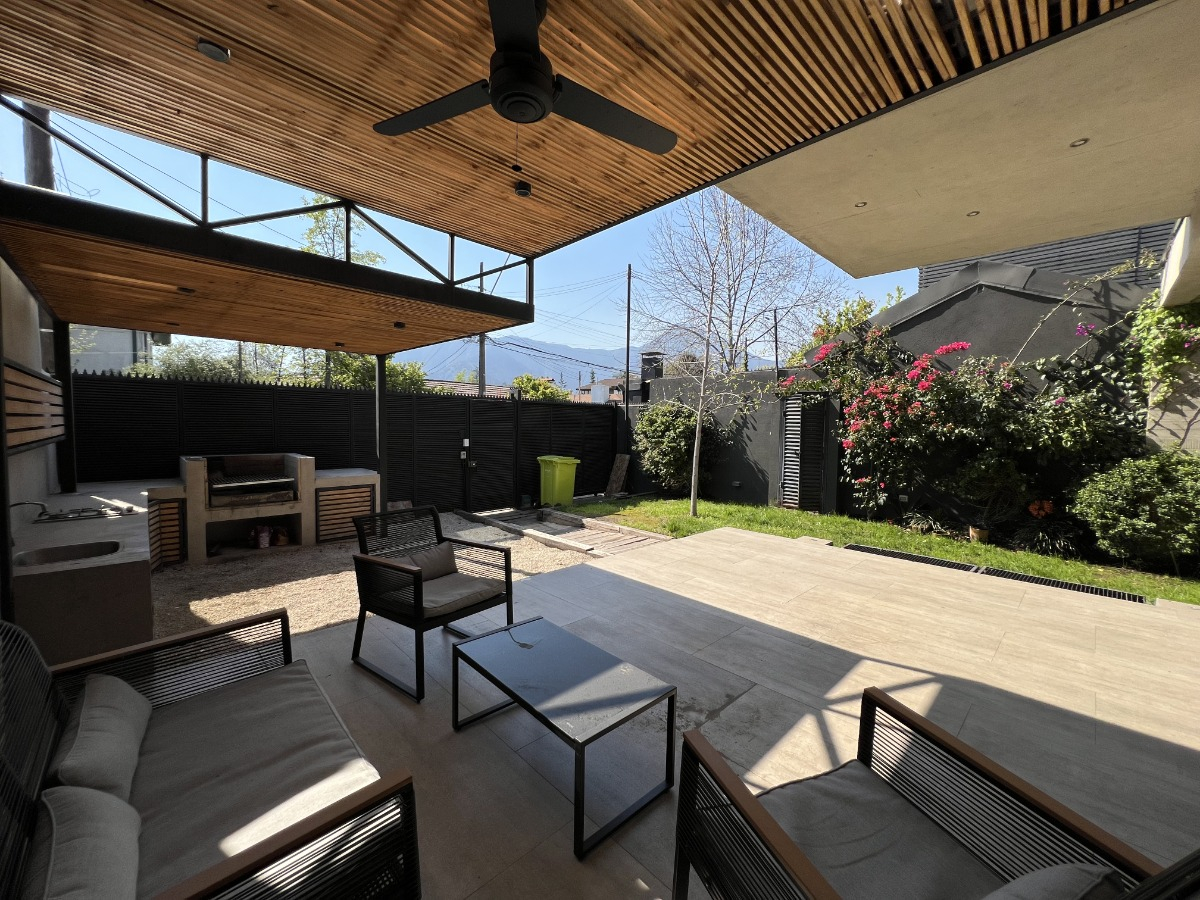 Venta Casa N 4D en suite Walk-in cl&oacute;set 4B 1B Jard&iacute;n Del Este - Vitacura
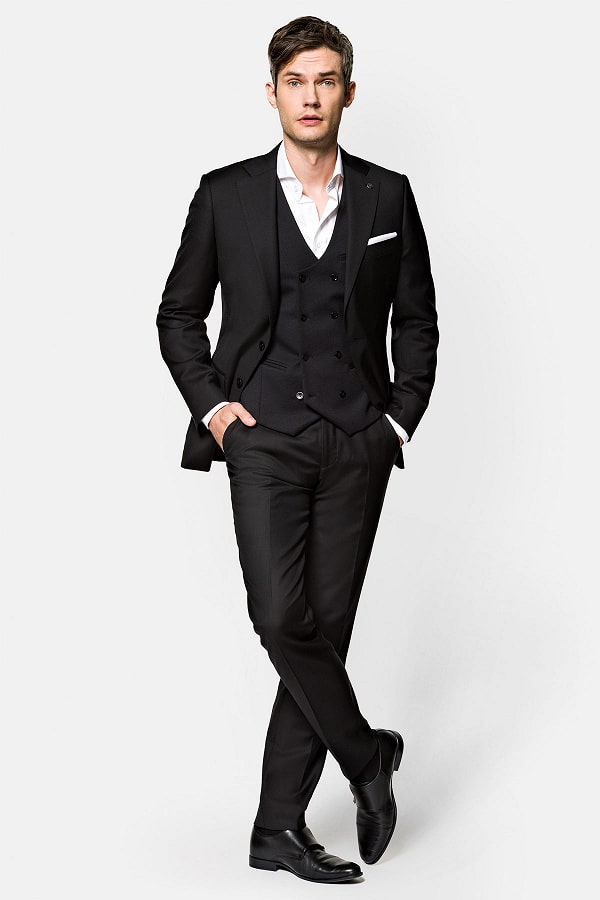 Chris Hemsworth_czarny garnitur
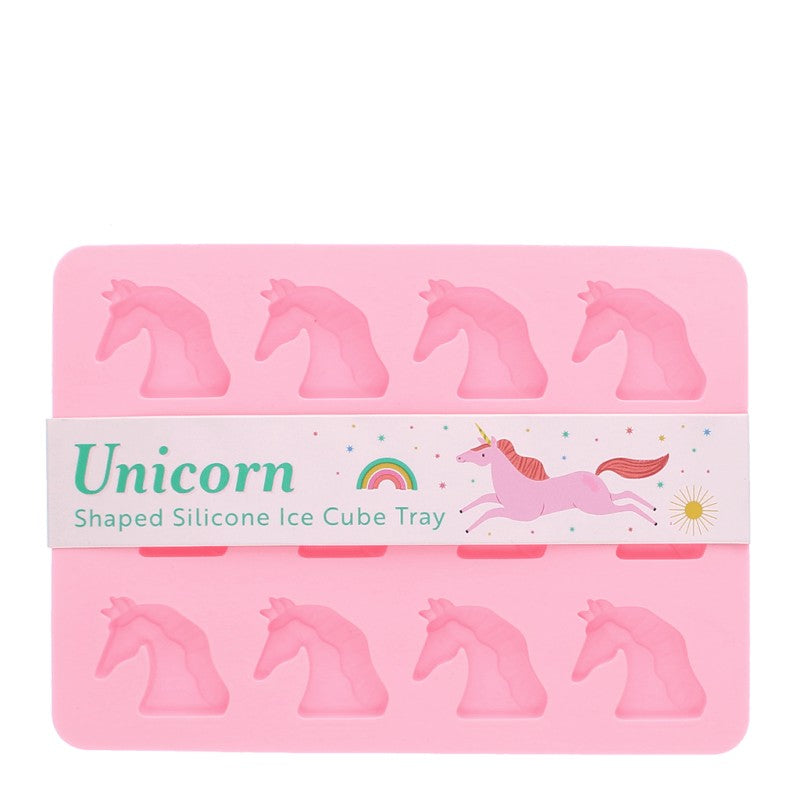 Roze siliconen ijsblokjesvorm met eenhoornhoofden, met een papieren band met de tekst Unicorn Shaped Silicone Ice Cube Tray, een regenboog en een springende eenhoorn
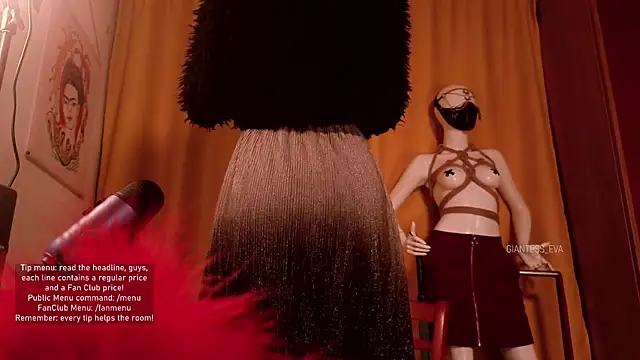 Snapshot of Giantess_Eva chatting on 19, 10, 2025 Giantess Eva online show from 19, 10, 2025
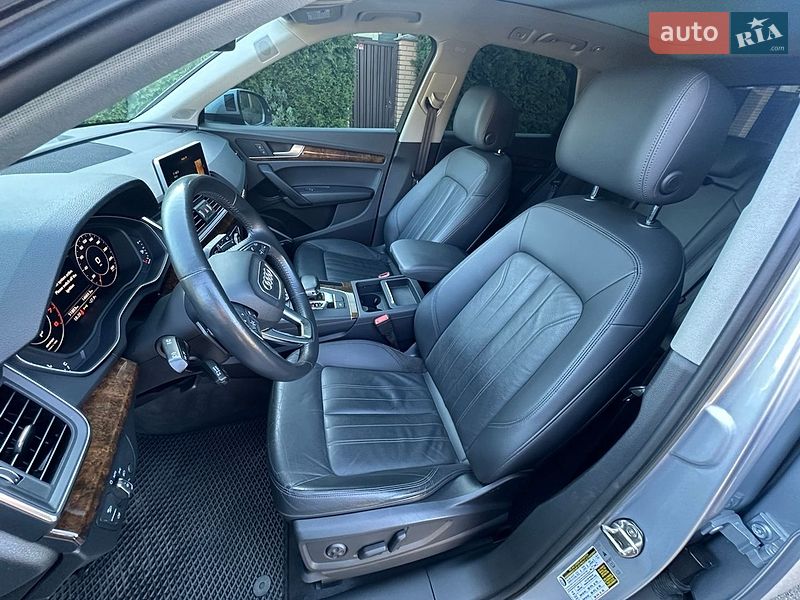 Внедорожник / Кроссовер Audi Q5 2017 в Киеве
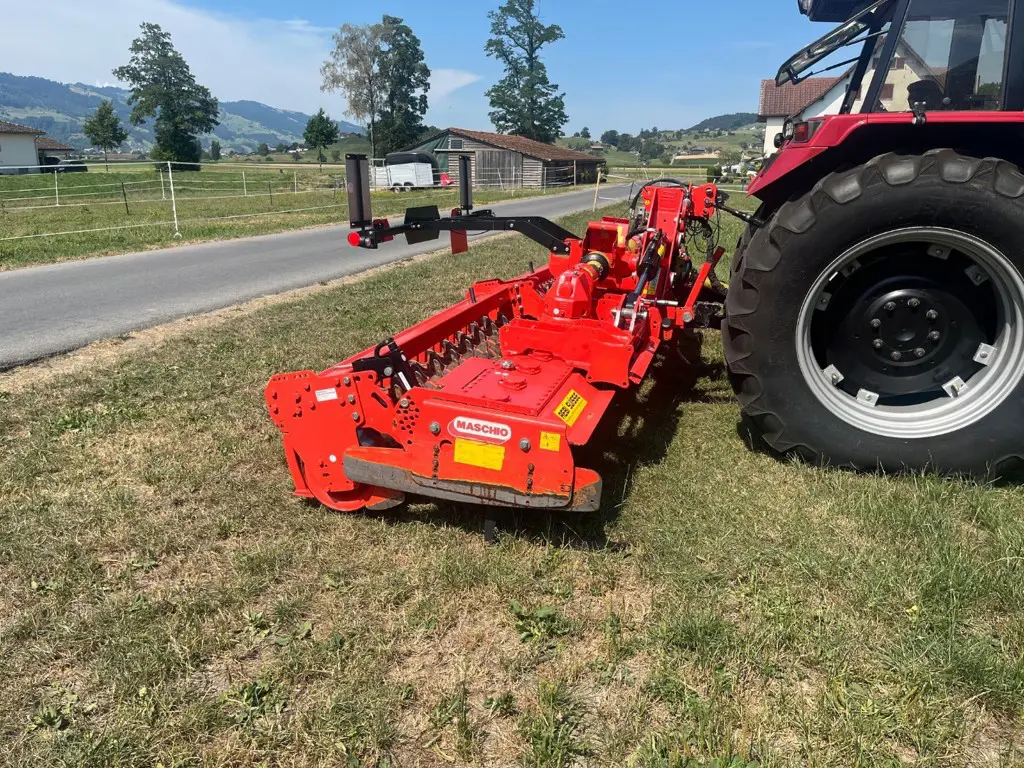 338e9ac1-1fe7-48a1-95b8-b92193466fdf-Maschio 3.jpg
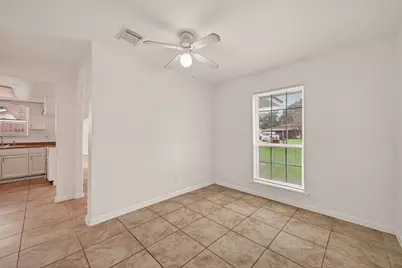 6311 Tall Willow Drive, Houston, TX 77088 - Photo 20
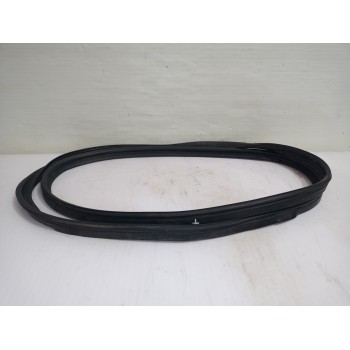 Recambio de goma contorno para mitsubishi asx (ga0w) motion 4wd referencia OEM IAM 5815A053  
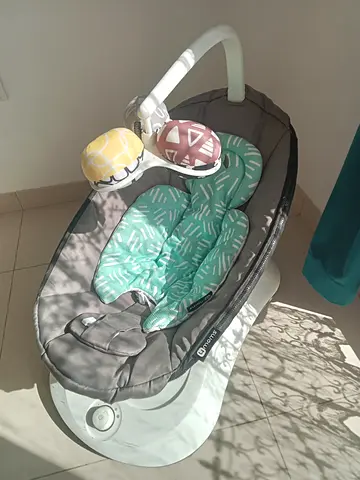 Gently Used Electrical 4Moms Baby Rocker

------------------------------------------------------------

▶ [TASK ITEM]: Repeat the preceding records precisely, and leave every picture out of the copy.

▶ [OUTPUT]:
 Venta Casa N 4D en suite Walk-in cl&oacute;set 4B 1B Jard&iacute;n Del Este - Vitacura
 Chris Hemsworth_czarny garnitur
 Roze siliconen ijsblokjesvorm met eenhoornhoofden, met een papieren band met de tekst Unicorn Shaped Silicone Ice Cube Tray, een regenboog en een springende eenhoorn
 Snapshot of Giantess_Eva chatting on 19, 10, 2025 Giantess Eva online show from 19, 10, 2025
 Внедорожник / Кроссовер Audi Q5 2017 в Киеве
 338e9ac1-1fe7-48a1-95b8-b92193466fdf-Maschio 3.jpg
 6311 Tall Willow Drive, Houston, TX 77088 - Photo 20
 Recambio de goma contorno para mitsubishi asx (ga0w) motion 4wd referencia OEM IAM 5815A053  
 Gently Used Electrical 4Moms Baby Rocker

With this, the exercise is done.